Cette situation est également néfaste pour les contribuables. “L’encours des contentieux judiciaires est déjà très lourd. Et l’encours des contentieux administratifs grossit car la grande nouveauté est qu’une réclamation n’est plus traitée dans les six à dix mois, mais plus facilement dans les deux à cinq ans. Si vous êtes un contribuable, allez-vous vous battre pour un problème de rente alimentaire ou un problème de taxation des droits d’auteur, si vous savez que vous en avez peut-être pour dix ans ? C’est triste parce que ce sont souvent les gens les moins fortunés. Ceux qui n’ont pas d’assurance fiscale, qui vont laisser tomber, même s’ils sont dans leur droit”, déplore le fiscaliste.

Une progressivité effrayante

À côté de cette sévérité de l’administration, le mal principal dont souffre notre système fiscal est la rapidité de la progressivité de l’impôt, ajoute Pierre-François Coppens. “La principale mesure que je prendrais si j’étais aux Finances serait tout simplement de réduire cette progressivité, qui est effrayante. Les mécanismes qui sont mis en place et qui sont parfaitement acceptés, puisqu’ils sont contrôlés et vérifiés, ne sont que des réactions par rapport à cette effrayante progressivité. Évidemment, nous savons que chaque geste qui serait réalisé pour réduire la progressivité coûte une fortune. Néanmoins, on peut escompter un effet retour.”

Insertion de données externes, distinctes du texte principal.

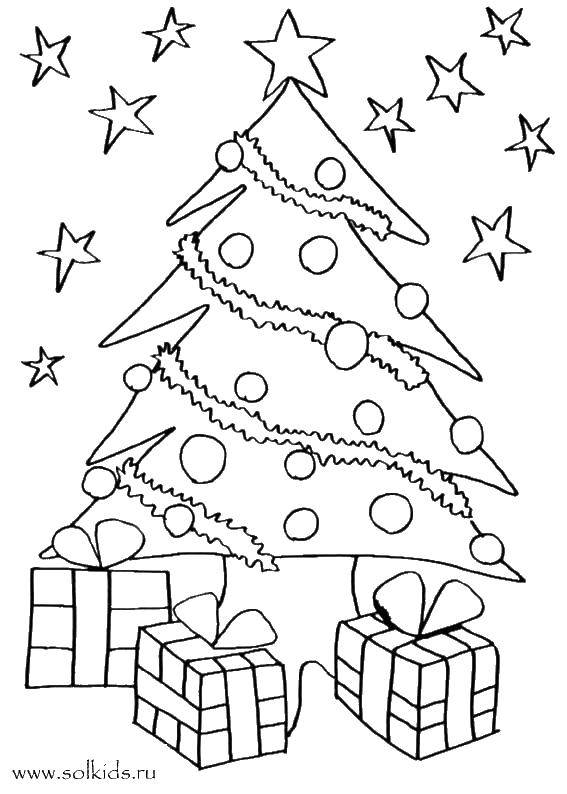 Название: Раскраска Елка, звезды, подарки. Категория: новогодняя елка. Теги: Рождество, елка, Новый год.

“Si j’étais aux Finances, je réduirais tout simplement la progressivité de l’impôt, qui est effrayante.” – Pierre-François Coppens

S’attaquer aux sociétés de management

Pierre-François Coppens poursuit  : “On veut par exemple, c’est dans l’actualité, s’attaquer aux sociétés de management. Mais contrairement aux idées reçues, les sociétés de management sont terriblement contrôlées. Notamment pour ce qui concerne la réalité des prestations. De plus, il faudrait éclairer le débat. Vise-t-on les sociétés qui effectuent des prestations de gestion (les sociétés de management au sens premier) ou les sociétés unipersonnelles ? Parce que j’ai l’impression que c’est plutôt ce dernier cas qui titille le gouvernement.

Admettons dès lors que les sociétés de management unipersonnelles ne soient plus admises. Et que ces contribuables restent soumis à l’impôt des personnes physiques. Il faut alors qu’ils puissent bénéficier d’une couverture sociale et d’une possibilité d’avoir des incitants en matière de pensions. Car s’ils se sont mis en société de management, c’est peut-être parce que la fiscalité à l’IPP est écrasante. Qu’elle ne leur assure aucune couverture sociale, ni aucune garantie de pension. C’est dès lors presque une mesure de légitime défense fiscale d’utiliser une société de management”.

Et Pierre-François Coppens conclut. “C’est cela qui est, je crois, le plus mal vécu par les clients que je reçois. C’est l’idée qu’on ne sait pas de quoi demain sera fait. Souvent, certains préconisent d’aller au Luxembourg, non pas pour une raison d’attractivité fiscale, mais parce qu’on sait que dans ce pays, cela ne bougera pas. Cette stabilité est essentielle”.

(*) Pierre-François Coppens, “Les 20 plus belles optimisations fiscales à la loupe“,
édité par l’ADFPC, 2025, 276 p., 30 euros (ebook) ou 45 euros (papier).